Even with bigger crops, soaring food prices that have sparked unrest across the globe are likely to persist, threatening millions of people worldwide, a U.N. agency said Friday.
Prices of bread, rice, milk, cooking oil and other basic foodstuffs have sharply increased in the past months in many developing countries, according to a report by the Rome-based Food and Agriculture Organization. Prices of wheat and rice have doubled compared to last year, while those of corn are more than a third higher.
Grain prices have risen as a result of steady demand, especially from China and India, supply shortages and new export restrictions, FAO said.
Even though world grain production is expected to increase this year by 2.6 percent to a record 2.16 billion tons, experts say this is going to have little impact on the prices.
“All indications we have is that this is not a short-term effect ... where the first year you have price increases and the following year there is an increase of supply that brings the prices down,” FAO Director-General Jacques Diouf said at a news conference.
Experts say price speculation and market failures will likely reduce the effect of boosted production.
However, the “Crop Prospects and Food Situation” report says that expected growth in production, especially in wheat and rice, could at least ease the tight supply situation worldwide.
FAO said that farmers in developing countries should be granted better access to fertilizers, seeds and animal feed to increase local food production.
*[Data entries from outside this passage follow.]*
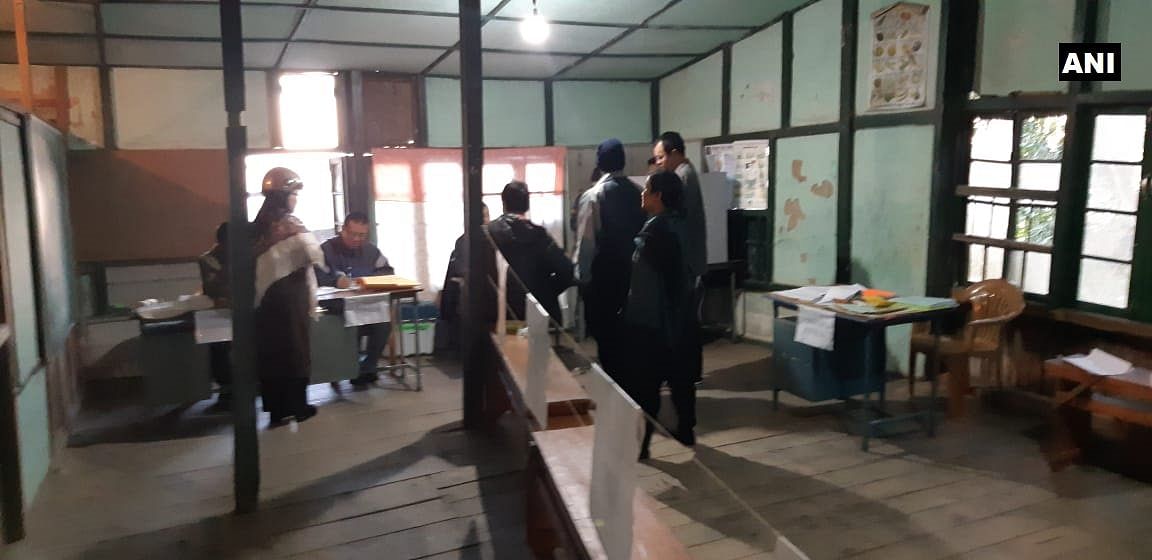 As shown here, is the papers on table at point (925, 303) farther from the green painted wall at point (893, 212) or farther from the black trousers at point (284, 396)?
the black trousers at point (284, 396)

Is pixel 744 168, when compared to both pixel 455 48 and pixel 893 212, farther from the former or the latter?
pixel 455 48

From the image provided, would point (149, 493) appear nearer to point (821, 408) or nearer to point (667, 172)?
point (667, 172)

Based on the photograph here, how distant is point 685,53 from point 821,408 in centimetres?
352

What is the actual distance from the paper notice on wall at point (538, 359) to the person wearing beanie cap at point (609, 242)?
1.13 meters

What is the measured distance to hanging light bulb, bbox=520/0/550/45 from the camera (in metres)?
5.13

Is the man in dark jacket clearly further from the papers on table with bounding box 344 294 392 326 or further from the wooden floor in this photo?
the papers on table with bounding box 344 294 392 326

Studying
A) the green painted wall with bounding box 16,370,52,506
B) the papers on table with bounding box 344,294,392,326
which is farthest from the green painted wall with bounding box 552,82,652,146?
the green painted wall with bounding box 16,370,52,506

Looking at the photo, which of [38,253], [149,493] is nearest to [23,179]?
[38,253]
Surging food prices, further stoked by rising fuel costs, have triggered protests around the world in recent days. The increases hit poor people hardest, as food represents as much as 60-80 percent of consumer spending in developing nations, compared to about 10-20 percent in industrialized countries, the U.N. agency said.
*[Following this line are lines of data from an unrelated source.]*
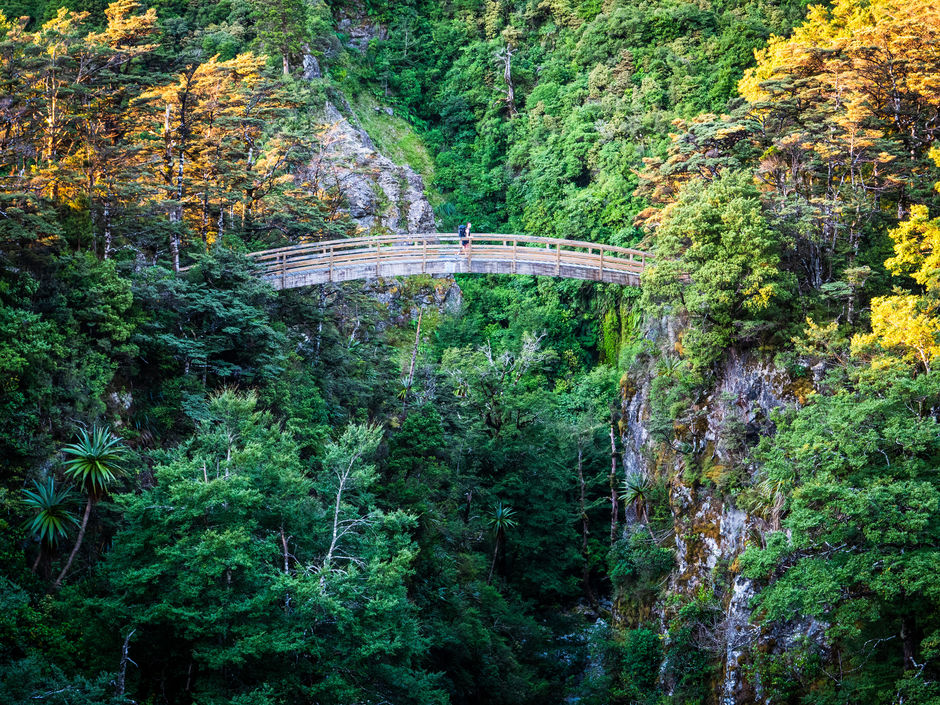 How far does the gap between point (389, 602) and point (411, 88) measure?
42768 mm

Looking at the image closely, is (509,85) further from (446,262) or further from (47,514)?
(47,514)

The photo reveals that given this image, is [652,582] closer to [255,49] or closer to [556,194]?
[556,194]

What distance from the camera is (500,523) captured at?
36406 mm

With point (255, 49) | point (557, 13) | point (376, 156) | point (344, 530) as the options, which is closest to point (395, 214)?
point (376, 156)

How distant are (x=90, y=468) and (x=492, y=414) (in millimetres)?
20760

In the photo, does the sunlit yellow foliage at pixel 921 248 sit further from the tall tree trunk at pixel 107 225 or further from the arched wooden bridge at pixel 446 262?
the tall tree trunk at pixel 107 225

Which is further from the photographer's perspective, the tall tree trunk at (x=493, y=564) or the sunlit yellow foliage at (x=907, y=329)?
the tall tree trunk at (x=493, y=564)

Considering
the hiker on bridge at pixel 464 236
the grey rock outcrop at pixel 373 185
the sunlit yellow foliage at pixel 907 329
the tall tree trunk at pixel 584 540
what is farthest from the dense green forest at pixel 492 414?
the hiker on bridge at pixel 464 236

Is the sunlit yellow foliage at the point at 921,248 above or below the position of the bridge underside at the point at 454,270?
above

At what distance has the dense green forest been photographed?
19250 millimetres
One person was killed in two days of rioting in Egypt earlier this week, while violence wracked Haiti, where demonstrations over rising food prices led to looting and clashes with police.
In Pakistan and Thailand, troops have been deployed to avoid seizing of food from fields and warehouses, the agency said.
“People are dying because of their reaction to the situation. People will not be sitting dying of starvation, they will react,” Diouf said.